Because the current tax rules don’t clearly address the issue of whether expenditures should be deducted (e.g., as repairs or as materials and supplies), or capitalized, the Internal Revenue Service recently attempted to resolve the controversy by issuing new regulations. The IRS’s long-awaited expanded regulations govern whether certain expenditures made by a waste contractor or landfill operator are currently deductible as repair expenses, or whether they must be capitalized and deducted over the life of the underlying business asset.

The new regulations are the IRS’s third attempt to provide comprehensive guidance under the repair or capitalize rules. They attempt to answer such questions as how to treat rotatable spare parts used in repairs. A new rule requires a waste services firm to capitalize repair-type expenses made to assets before they are placed in service. Another significant change will allow a private contracting firm, independent plant or recycling business to deduct “retirement” losses for building components.

If, for example, the waste services operation replaces the roof on its transfer station and disposes of the old roof, it now has the option taking a retirement loss for the old roof. Of course, the replacement must be capitalized, but at least a retirement loss can be claimed.

The new regulations also specify how repairs made simultaneously with improvements are to be treated. The new rules are required reading for landlords and tenants that must capitalize expenses related to leased buildings. And, because these rules were issued in “temporary” form, every business will feel the impact immediately.

Since the Reconstruction Era Income Tax Act of 1870, taxpayers have been prohibited from deducting amounts paid for new buildings, permanent improvements or betterments made to increase the value of property. While this concept has been recognized as part of tax law almost from its inception, exactly what must be capitalized and what may be currently deducted as an expense has been at issue ever since.
According to the IRS, expenditures are currently deductible as a repair expense if they are incidental in nature and neither materially add to the value of the property nor appreciably prolong its useful life. Expenditures are also currently deductible if they are for materials and supplies consumed during the year.

On the other hand, expenses must be capitalized and written off over a number of years if they are for permanent improvements or betterments that increase the value of the property, restore its value or use, substantially prolong its useful life or adapt it to a new or different use.

At times, replacement parts or components are added to business property. For example, a truck’s engine is worn out and replaced. This replacement returns the truck back to its condition prior to the deterioration of the part. It would be logical to consider this replacement as an increase in the truck’s value requiring capitalization. Conversely, it would also make sense to say that by returning the truck back to its prior condition, it had been repaired. Under this theory, all repairs would be deductible, no matter how substantial they might be.

Unfortunately, the above interpretation renders meaningless any distinction between a deductible business expense and a capital expenditure. Thus, it is oftentimes insufficient to merely look at increased value as the determing factor for characterizing the replacement of a part or component.

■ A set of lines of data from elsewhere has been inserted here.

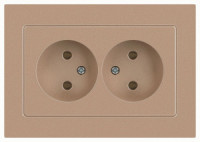 ЭРА Intro Accent мех. роз. СУ 2 мест. 16А 250В, шампань 6-204-04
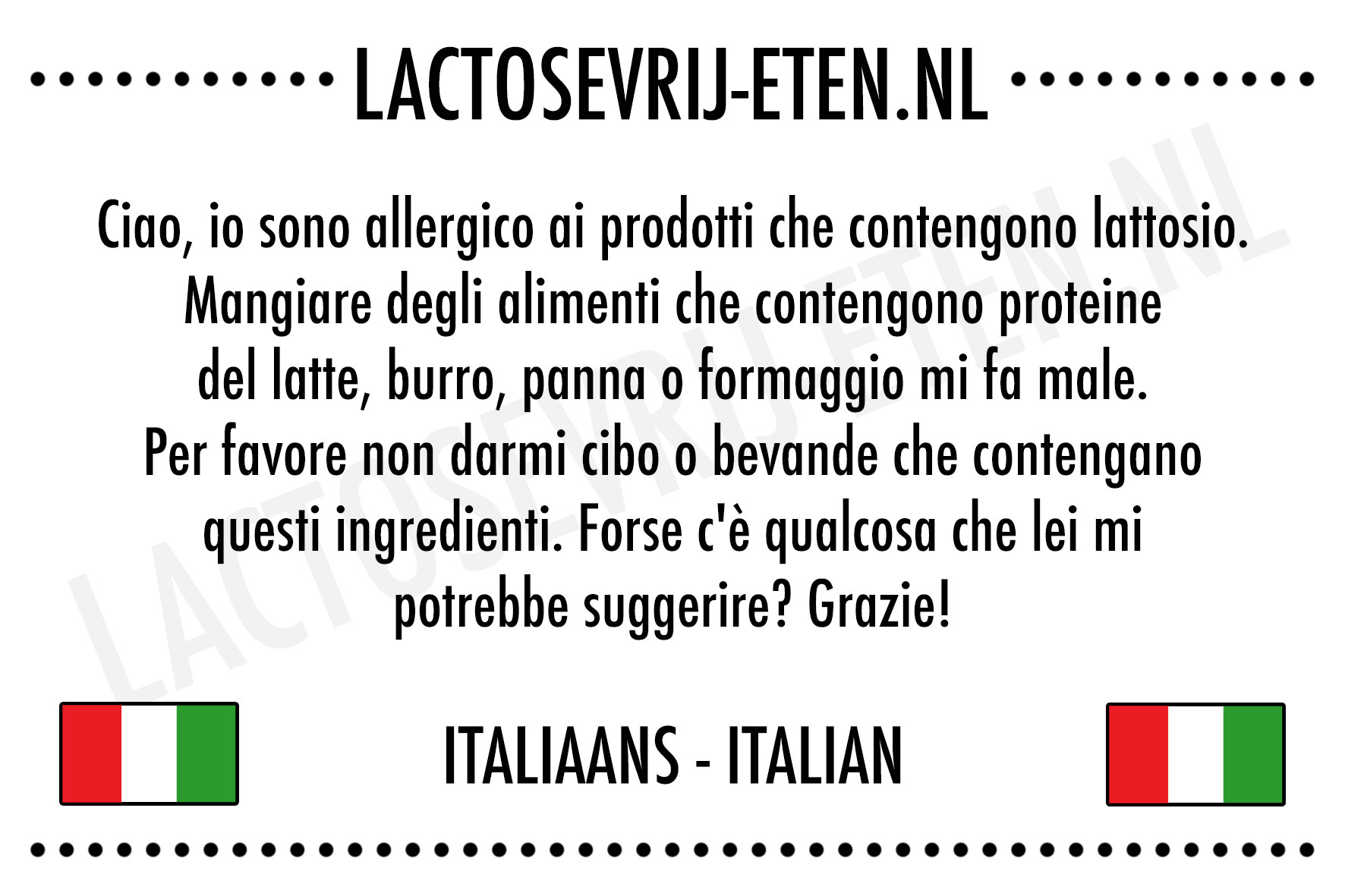 Lactose in het Italiaans
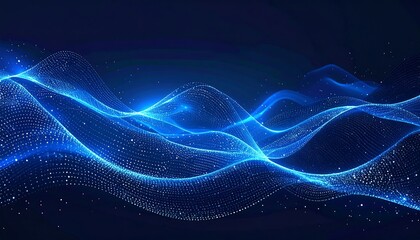 Abstract digital waves of glowing blue points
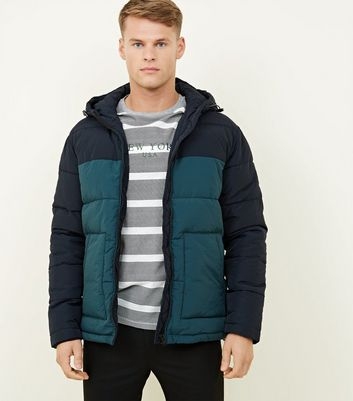 Teal Hooded Colour Block Puffer Coat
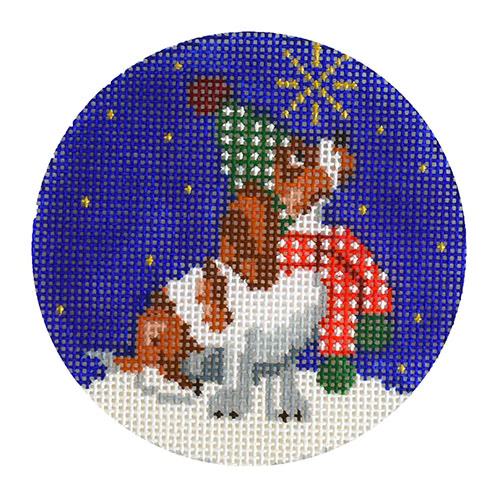 KB 1537 Midnight Basset Hound Round 3.5" Round 18 Mesh Kirk And Bradley Designs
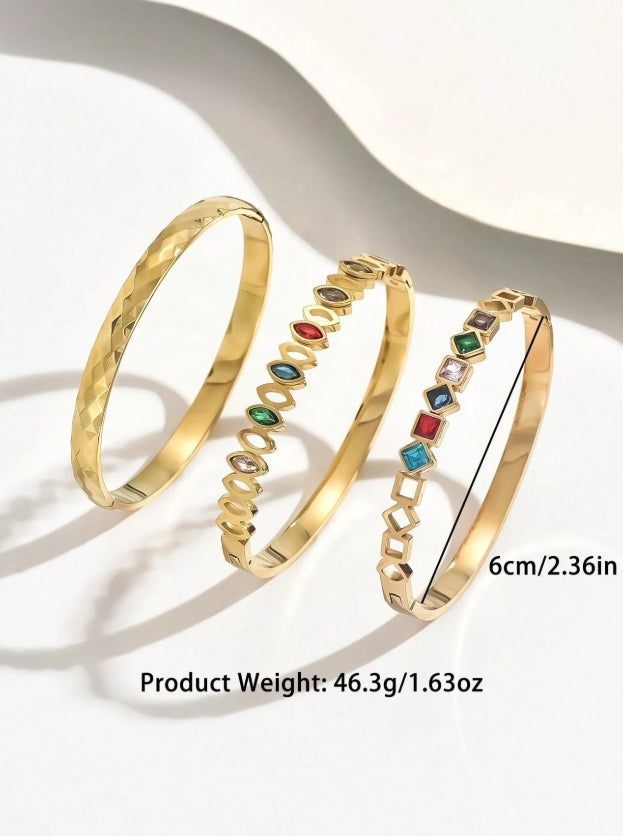 SHEIN 3pcs Stainless Steel Gold-Plated Bracelet Set, 18K Vacuum Electroplated, Non-Fading, Inlaid Zirconia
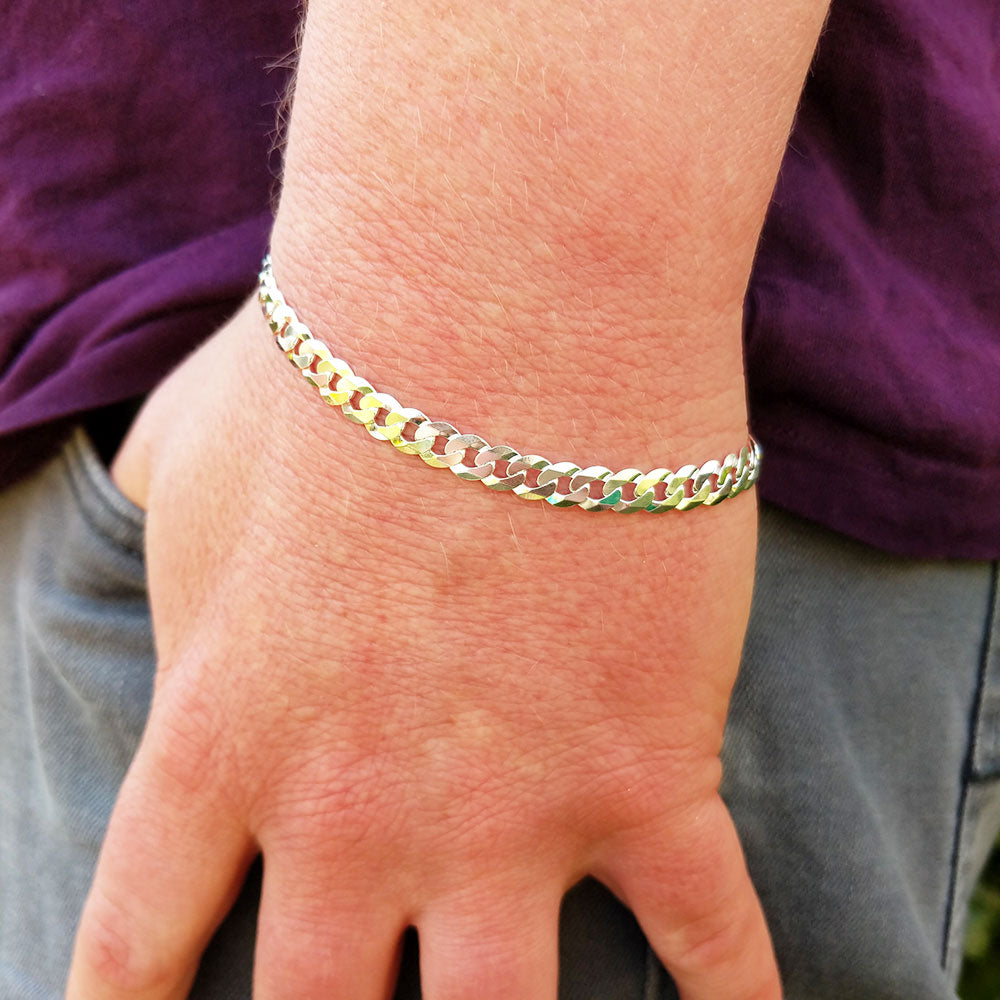 Men's Silver Flat Curb Chain Bracelet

Obviously, the old rules don’t clearly address the issue of whether expenses should be deducted currently (e.g., as repairs or as materials or supplies) or capitalized. Although the timing of the deduction remains the same under the new regulations, there are new rules where an engine used with a large truck chassis may be treated as a separate asset.

There is also a new definition for “materials and supplies.” Now materials and supplies encompass everything from components acquired to maintain, repair or improve business property; fuel, lubricants, water and similar items expected to be consumed in 12 months or less; and property with an economic useful life of 12 months or less or with a cost of less than $100.

A so-called “de minimis” rule allows waste services businesses to expense the cost of some assets that otherwise would have to be capitalized. That is, the amounts do not have to be capitalized under the new, elective “de minimis” rule if the waste services operation has an applicable financial statement (AFS), such as one required by the Securities and Exchange Commission, or a certified audited financial statement, written accounting procedures in place for treating the amounts as expenses on its AFS, and if the amounts paid and not capitalized are less than a) 0.1 percent of gross receipts; or b) 2 percent of the total depreciation expense as determined in its AFS.

The recently issued “repairs versus improvements” regulations represent the IRS’s attempt to include the large body of court decisions and create all-encompassing guidelines on what constitutes an improvement, namely an expenditure that betters or restores a unit of property, or adapts it to a new and different use. They also adopt a maintenance safe harbor that will be useful for many contracting firms and businesses.
Typically, if a repair cost is not deductible in the year incurred, it would be capitalized and depreciated. If, for example, a refuse contractor had equipment or a machine and performed a capitalizable repair on it, that additional repair cost would be capitalized and depreciated over the appropriate recovery period for tax purposes. If it’s a deducible repair cost, obviously the refuse operation would benefit from a deduction up front in the tax year incurred.

Whether the changes required under the new regulations will be treated as automatic accounting method changes, or whether affected waste services businesses will be required to obtain the IRS’s approval, are as yet unknown at this time. However, the sheer volume and complexity of the new rules on deduction versus capitalization of tangible property costs will also require professional assistance as the waste collection, recycling or landfill operation begins looking at their repair and maintenance costs for 2012.

Mark E. Battersby is an Ardmore, Pa.-based freelance writer who has specialized in taxes and finance for the last 25 years. He currently writes for publications in a variety of fields, syndicates two weekly columns that appear in over 65 publications and has written four books.